[Work request]: Write out the whole listing exactly; no images belong in it.

[Data to examine]:
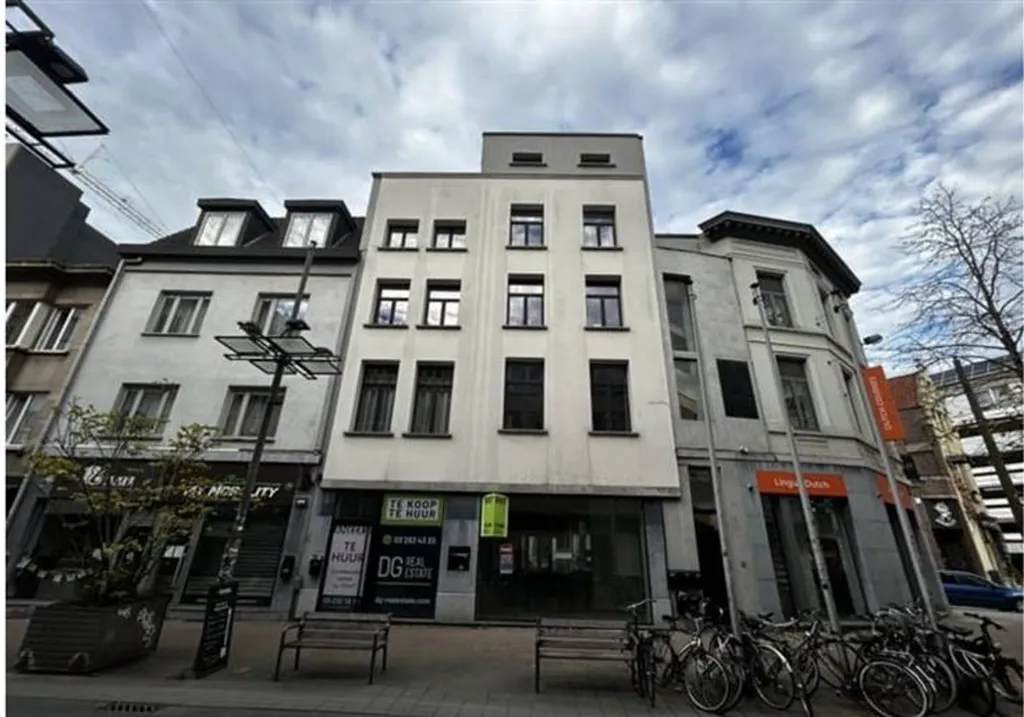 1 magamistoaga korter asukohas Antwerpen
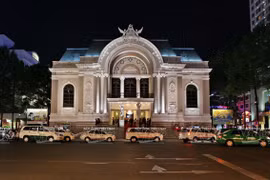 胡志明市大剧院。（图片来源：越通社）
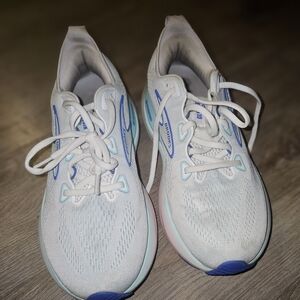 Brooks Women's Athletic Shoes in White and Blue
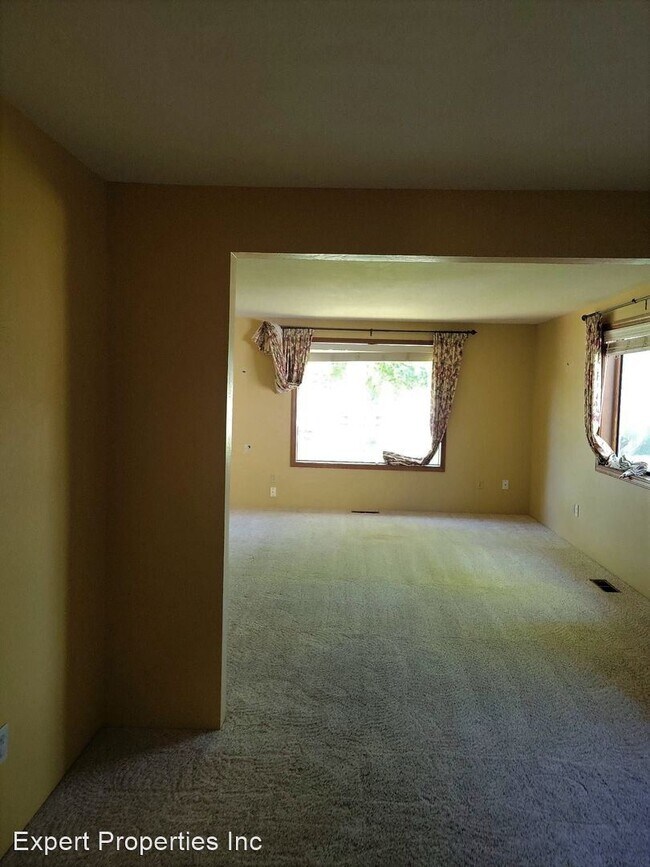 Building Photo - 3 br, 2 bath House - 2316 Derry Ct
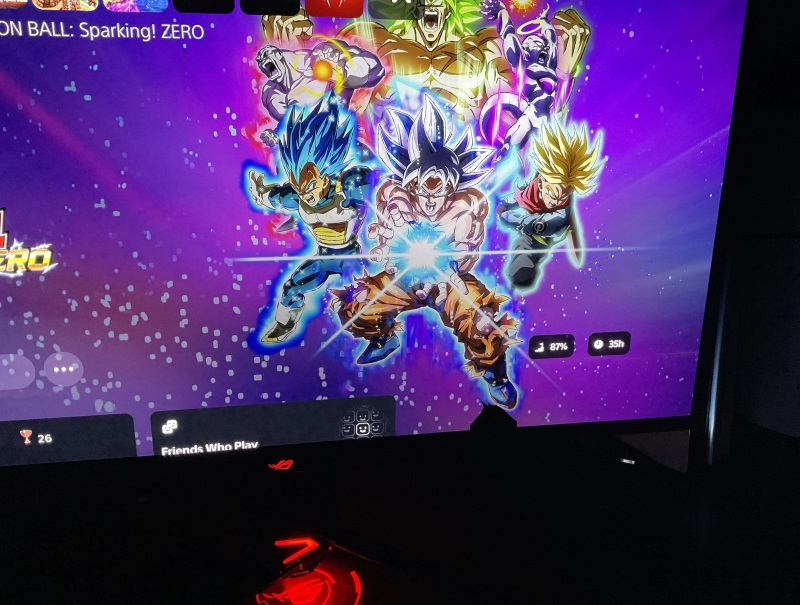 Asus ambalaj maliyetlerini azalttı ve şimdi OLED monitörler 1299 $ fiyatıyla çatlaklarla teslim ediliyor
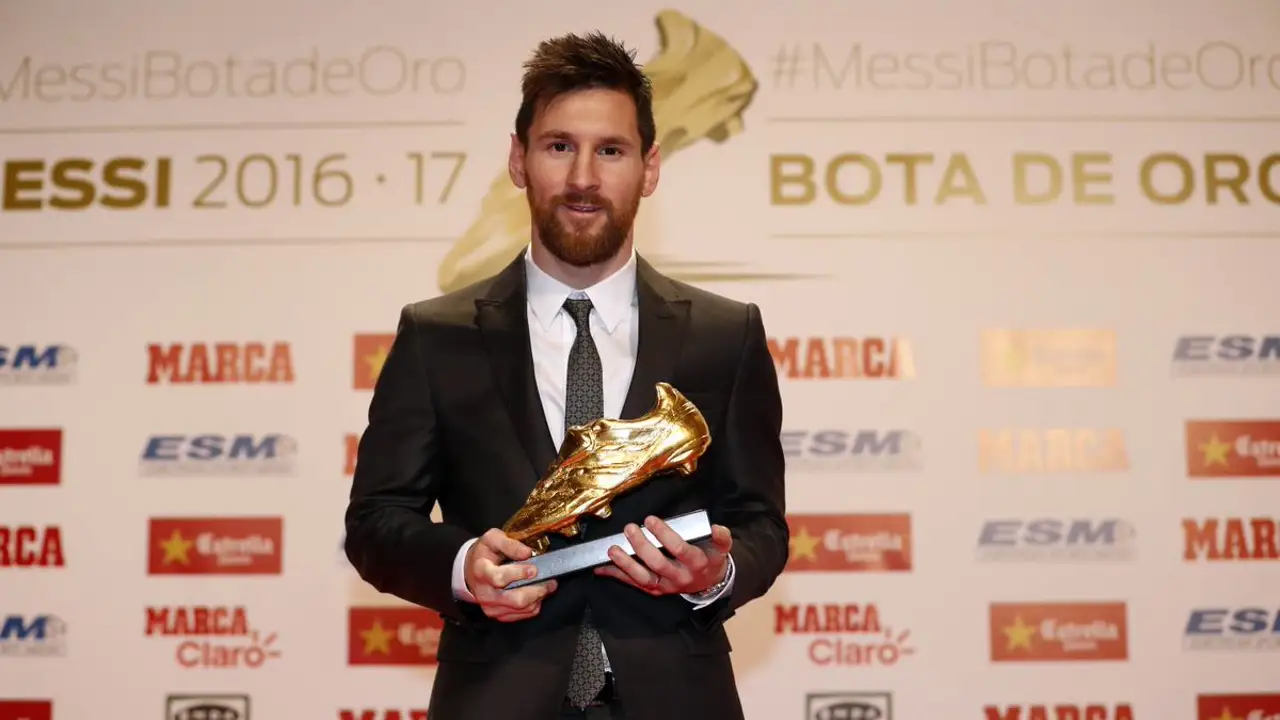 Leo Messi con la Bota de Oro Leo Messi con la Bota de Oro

[Task result]:
 1 magamistoaga korter asukohas Antwerpen
 胡志明市大剧院。（图片来源：越通社）
 Brooks Women's Athletic Shoes in White and Blue
 Building Photo - 3 br, 2 bath House - 2316 Derry Ct
 Asus ambalaj maliyetlerini azalttı ve şimdi OLED monitörler 1299 $ fiyatıyla çatlaklarla teslim ediliyor
 Leo Messi con la Bota de Oro Leo Messi con la Bota de Oro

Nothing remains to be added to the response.